Stored items from a collection
======
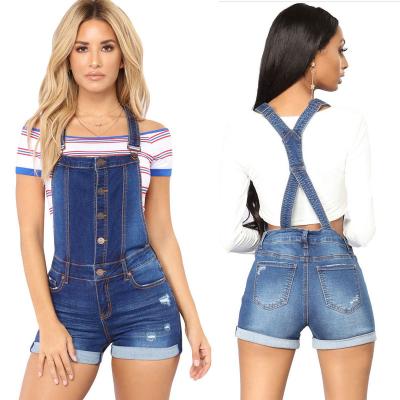 China New Arrival Breathable Women Washed Jeans Overall Shorts Girls Roll Edge Short Jeans Overalls Plus Size Girls Skinny Short Jeans Overalls for sale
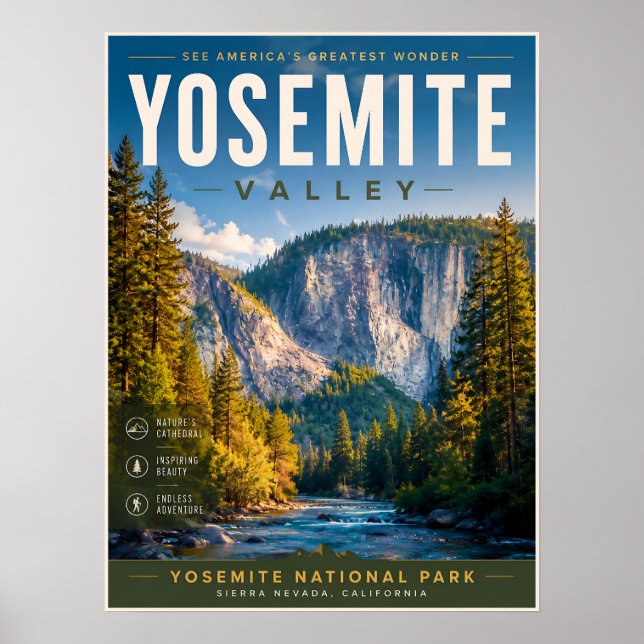 Yosemite Valley Resoraffisch Poster (Framsidan)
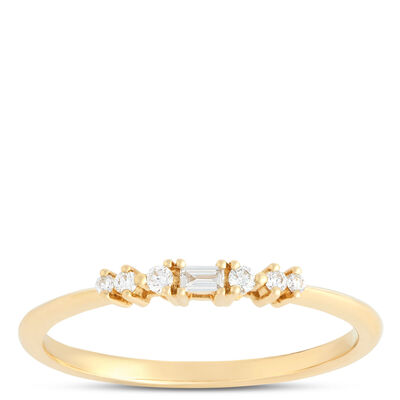 Stackable Baguette and Round Diamond Ring, 1/10 Carat Total Weight, 14K Yellow Gold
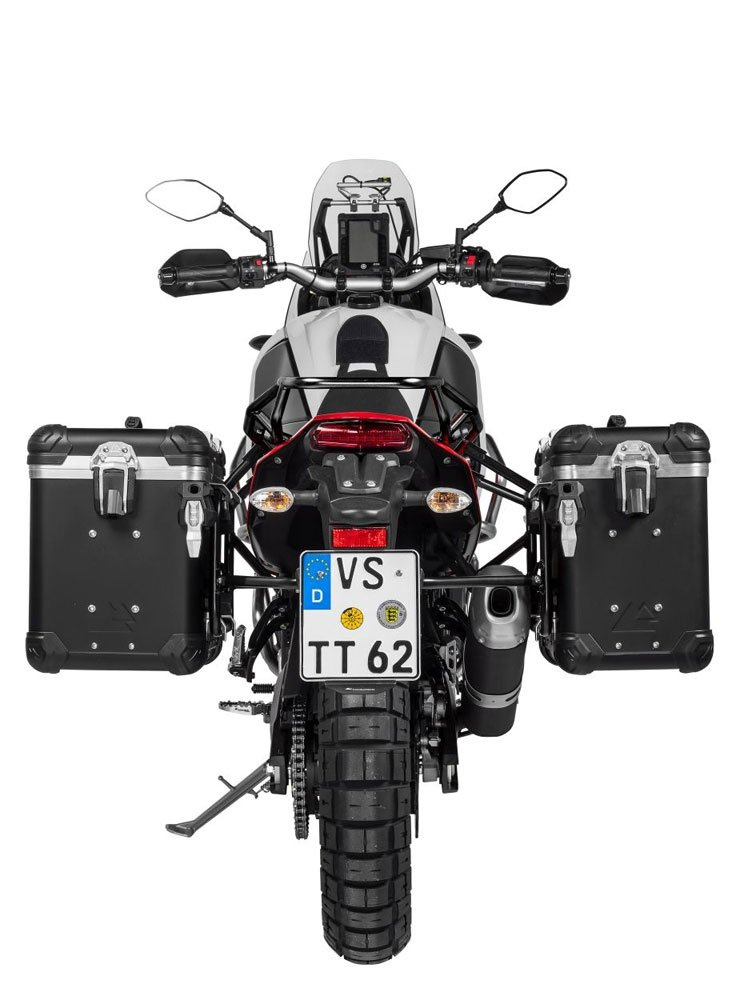 Zestaw: kufry boczne z anodowanego aluminium czarne "And-Black" Zega Evo + stelaże czarne Touratech Yamaha Tenere 700 / World Raid (38+45L)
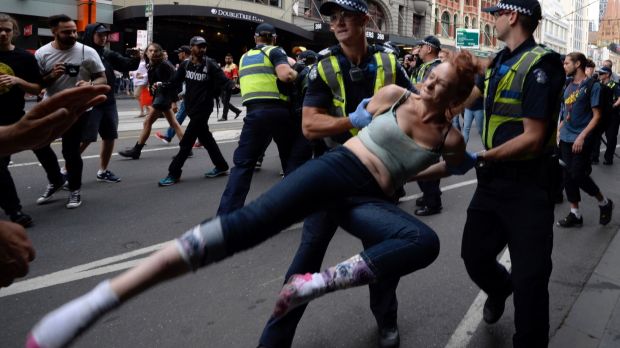 Two people were arrested as police moved to remove the homeless people from Flinders Street.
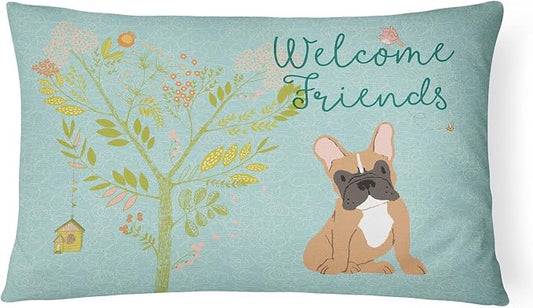 Caroline's Treasures BB7633PW1216 Welcome Friends Fawn French Bulldog Canvas Fabric Decorative Pillow Machine Washable, Indoor Outdoor Decorative Pillow for Couch, Bed or Patio, 12HX16W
======
Aim of the task:
Would you transcribe all of the data exactly, apart from its pictures?

Solved problem:
 China New Arrival Breathable Women Washed Jeans Overall Shorts Girls Roll Edge Short Jeans Overalls Plus Size Girls Skinny Short Jeans Overalls for sale
 Yosemite Valley Resoraffisch Poster (Framsidan)
 Stackable Baguette and Round Diamond Ring, 1/10 Carat Total Weight, 14K Yellow Gold
 Zestaw: kufry boczne z anodowanego aluminium czarne "And-Black" Zega Evo + stelaże czarne Touratech Yamaha Tenere 700 / World Raid (38+45L)
 Two people were arrested as police moved to remove the homeless people from Flinders Street.
 Caroline's Treasures BB7633PW1216 Welcome Friends Fawn French Bulldog Canvas Fabric Decorative Pillow Machine Washable, Indoor Outdoor Decorative Pillow for Couch, Bed or Patio, 12HX16W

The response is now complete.